Your task:
In the records below, find the line with "Vegan daily specials at Sabaku Sushi in Moab", then retype it and every following line exactly, stopping after the line with "Gîte agréé Gîtes". Leave the pictures out.

Data records:
----------------------------------------
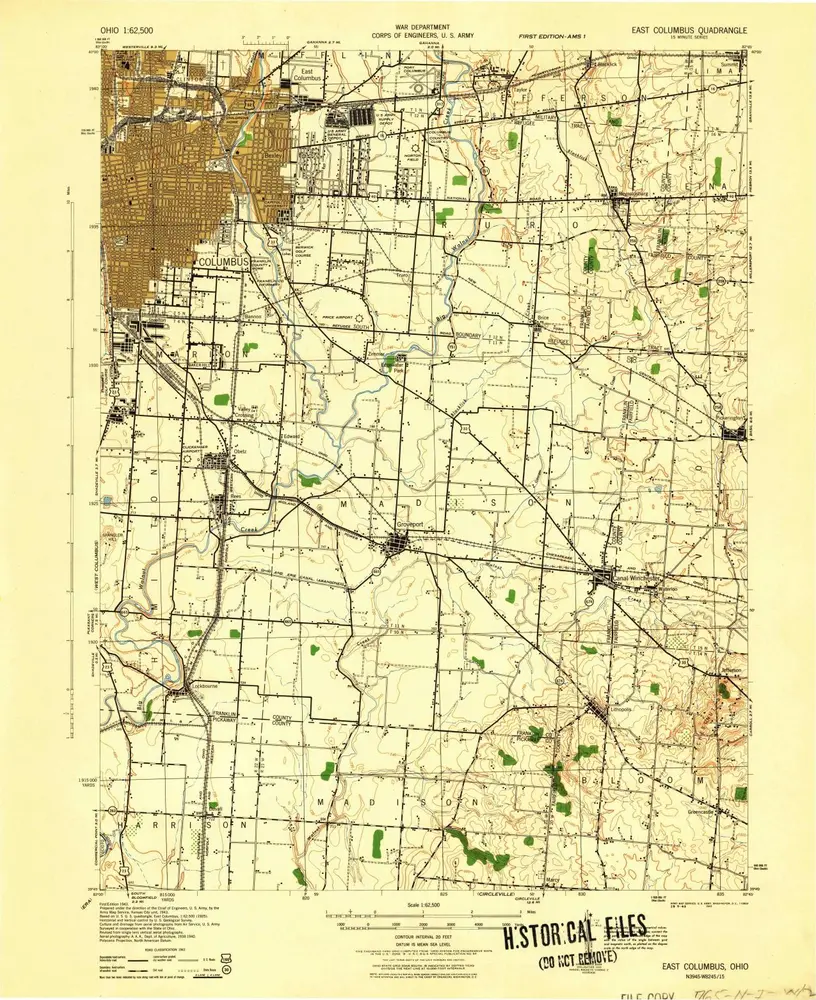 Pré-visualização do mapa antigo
----------------------------------------
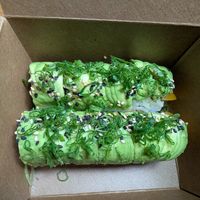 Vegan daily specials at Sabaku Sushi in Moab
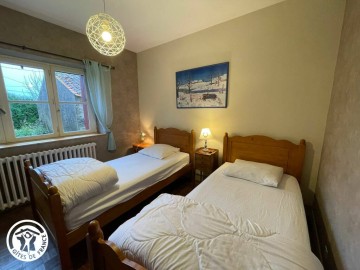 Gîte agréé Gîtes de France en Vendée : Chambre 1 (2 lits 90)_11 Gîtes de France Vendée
----------------------------------------
Expected answer:
 Vegan daily specials at Sabaku Sushi in Moab
 Gîte agréé Gîtes de France en Vendée : Chambre 1 (2 lits 90)_11 Gîtes de France Vendée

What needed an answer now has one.